Old fashioned dessert with a sweet custard texture, my Dad's Bread Pudding with Lemon Sauce is irresistible!
Ingredients
FOR THE BREAD:
12 slices stale white bread, cubed
¼ cup unsalted butter, melted
1 teaspoon cinnamon
¾ cup raisins
6 large eggs, beaten
¾ cup granulated sugar
2 teaspoons vanilla
½ teaspoon kosher salt
3 cups milk (hot)
1 pinch nutmeg
FOR THE GLAZE:
1 cup granulated sugar
½ cup unsalted butter
¼ cup water
1 large egg, well beaten
3 Tablespoons fresh squeezed lemon juice
Instructions
Preheat oven to 375 degrees F. Lightly butter 2 qt baking dish or 8-inch square baking pan.

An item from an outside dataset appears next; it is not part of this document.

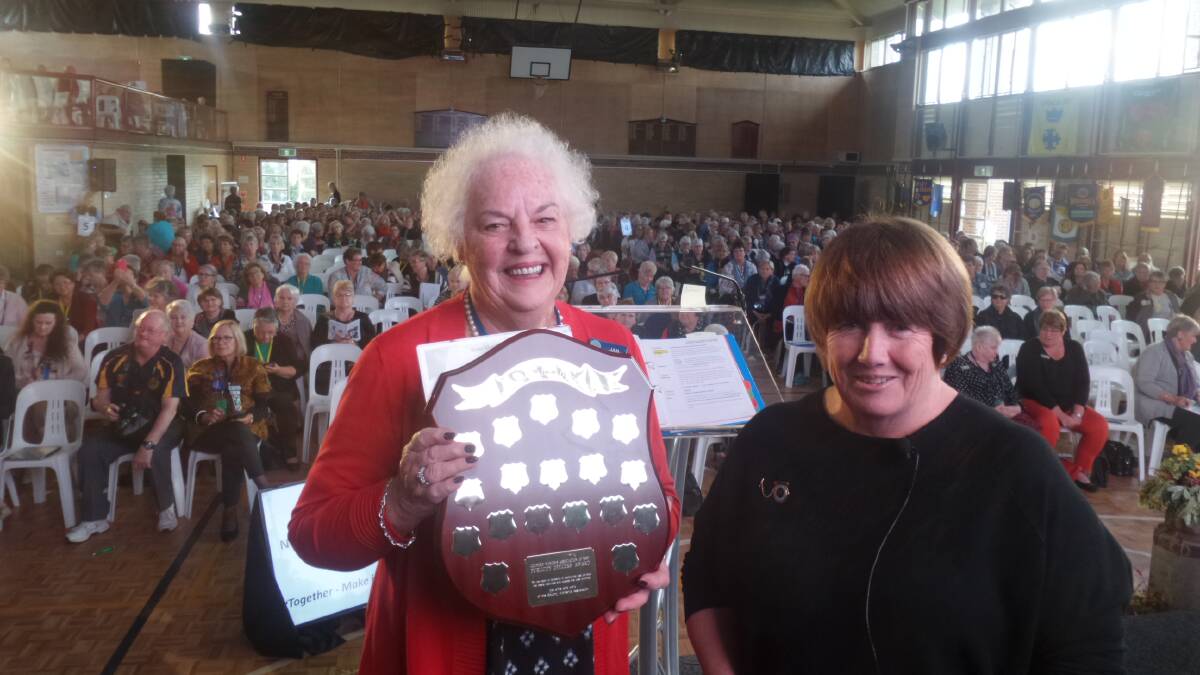 Jan Humphreys receives her award from state president Annette Turner from White Cliffs Branch, at the conference.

Combine bread cubes with melted butter, cinnamon and raisins. Place in bottom of baking dish. Beat eggs with sugar, vanilla and salt. Add hot milk and pour over bread cubes. Sprinkle with pinch of nutmeg. Bake for 25-30 minutes, until browned.
While baking, make the lemon glaze. Combine sugar, butter, water, egg, and lemon juice in small saucepan. Bring to a boil, stirring constantly. Boil one minute. Remove from heat.
To serve, drizzle lemon glaze over warm bread pudding. Enjoy!
Store covered in refrigerator for up to 4 days.
Notes
Bread- It's best to use "day old bread." Meaning, bread that has sat out for a day, becoming slightly stale. If your bread is crazy soft, this dish can get pretty mushy (it's already a soft custard texture). To firm up fresh bread, bake for about 5 minutes in a 375 degree F oven. Set aside. Dad always used white bread, but challah, brioche, and french bread work too!
Make it in Advance- To make bread pudding in advance, assemble as directed and cover with foil. Refrigerate overnight or up to 24 hours. Allow to sit at room temperature 30 minutes before baking.
Storage- If properly stored in the refrigerator, after baking, bread pudding will keep for 3-4 days.
Reheat- Reheat each slice in the microwave for about 45 seconds.
Freeze- Freeze bread pudding in airtight container. To thaw, refrigerator overnight.